By saying “Despite my line of work,” Kendall gave a dog whistle to readers that he is in a powerful position.
Of course, his silence is not the issue. Kendall has all the resources of the State behind him.
Kendall and his boss Walker are solidly on the side of not confirming Kavanaugh, and have sent a letter to the Senate delegation opposing his confirmation. This is part of the Walker campaign for re-election.
In that letter, Walker and Lt. Gov. Byron Mallott wrote that “violence against women in Alaska is an epidemic.” Referring to the sexual assault allegation against Kavanaugh, they said they could not condone his confirmation “while so many questions remain unanswered.”
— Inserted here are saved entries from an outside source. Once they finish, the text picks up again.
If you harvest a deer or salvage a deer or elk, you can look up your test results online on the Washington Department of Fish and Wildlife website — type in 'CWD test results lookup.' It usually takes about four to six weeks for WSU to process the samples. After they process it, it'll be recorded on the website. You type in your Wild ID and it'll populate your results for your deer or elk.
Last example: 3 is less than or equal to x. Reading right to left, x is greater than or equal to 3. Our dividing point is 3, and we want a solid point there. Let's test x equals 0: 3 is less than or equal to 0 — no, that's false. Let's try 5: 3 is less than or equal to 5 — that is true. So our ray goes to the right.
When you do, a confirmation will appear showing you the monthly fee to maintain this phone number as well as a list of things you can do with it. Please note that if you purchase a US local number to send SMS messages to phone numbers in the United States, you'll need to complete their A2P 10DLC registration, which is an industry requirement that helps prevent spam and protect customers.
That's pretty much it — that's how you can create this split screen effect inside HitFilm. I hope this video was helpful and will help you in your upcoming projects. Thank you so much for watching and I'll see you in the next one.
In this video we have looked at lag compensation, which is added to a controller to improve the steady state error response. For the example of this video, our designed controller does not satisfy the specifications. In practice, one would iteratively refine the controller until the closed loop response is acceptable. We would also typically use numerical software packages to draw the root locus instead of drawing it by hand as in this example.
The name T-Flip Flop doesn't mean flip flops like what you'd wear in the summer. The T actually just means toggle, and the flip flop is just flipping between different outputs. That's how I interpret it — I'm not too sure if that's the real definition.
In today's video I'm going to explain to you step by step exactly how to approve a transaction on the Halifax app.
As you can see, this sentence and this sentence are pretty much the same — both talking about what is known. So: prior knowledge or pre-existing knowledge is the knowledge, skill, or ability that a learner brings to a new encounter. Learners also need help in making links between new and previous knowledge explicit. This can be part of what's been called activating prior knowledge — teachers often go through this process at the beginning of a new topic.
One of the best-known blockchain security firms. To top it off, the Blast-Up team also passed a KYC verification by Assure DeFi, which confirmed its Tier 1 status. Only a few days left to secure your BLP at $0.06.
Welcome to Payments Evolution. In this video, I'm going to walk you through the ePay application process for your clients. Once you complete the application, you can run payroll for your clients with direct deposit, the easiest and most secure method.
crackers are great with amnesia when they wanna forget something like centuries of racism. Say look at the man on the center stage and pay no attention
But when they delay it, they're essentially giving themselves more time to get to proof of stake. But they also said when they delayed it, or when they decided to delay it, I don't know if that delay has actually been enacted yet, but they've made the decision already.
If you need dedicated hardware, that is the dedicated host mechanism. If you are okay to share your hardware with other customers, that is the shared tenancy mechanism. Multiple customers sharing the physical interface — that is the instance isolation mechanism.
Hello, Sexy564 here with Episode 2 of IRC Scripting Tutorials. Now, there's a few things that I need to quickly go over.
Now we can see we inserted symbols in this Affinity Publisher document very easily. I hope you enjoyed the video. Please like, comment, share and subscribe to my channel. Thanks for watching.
Kendall’s Wednesday night rant was an attempt to silence the opposition. It was about taking down an Alaskan political writer and analyst whom readers know as a critic of the Walker administration.
Then he went after Must Read Alaska’s base of support — donors and advertisers:
“At this point it’s difficult to believe that the individuals or organizations involved will disavow these posts or cease supporting this kind of garbage,” he wrote.
This, coming from the door keeper to the Administration, tells readers he has super powers: He can hurt his political opponents –and he will.
Kendall didn’t stop there. Kendall strongly advised that Must Read Alaska unpublish the entire “War on Men” essay.
In First Amendment terms, this is called prior restraint, when the government tries to suppress a publication.
After that, he advised that the author apologize to all victims and to human decency itself. We never once heard him condemn either Rep. Zach Fansler or Rep. Dean Westlake for sexual misconduct.
KENDALL FORGETS ONE THING…
Scott Kendall doesn’t know the personal history of this writer, but let’s clear that up for him and put that one to rest.
The first time she was subjected to a sexual impropriety — assault, if you will — is when she was 10, a most typical age for such events.
The second time, when she was 12. After that, it wasn’t until she was roughly 22.
This author witnessed domestic violence in her own family. She has seen it, lived it, remembers it. Nearly every woman in Alaska has.
Kendall doesn’t care about that, or that someone who has experienced life might still want to uphold the constitutional “burden of proof.” He presumes only his views matter on the Supreme Court nominee. And only he gets to say who is to be believed in the world of he-said, she-said.
For Kendall, this is naked political ambition: He and his boss Walker are applying for a job. In 40 days, they’ll know whether or not they have passed the job interview. Things don’t look so good in that department, but Kendall is doing the cornered animal defense — hissing and snapping at anything he perceives is a threat.
Until then, dear reader, stay strong, keep the faith, and don’t let them beat you down.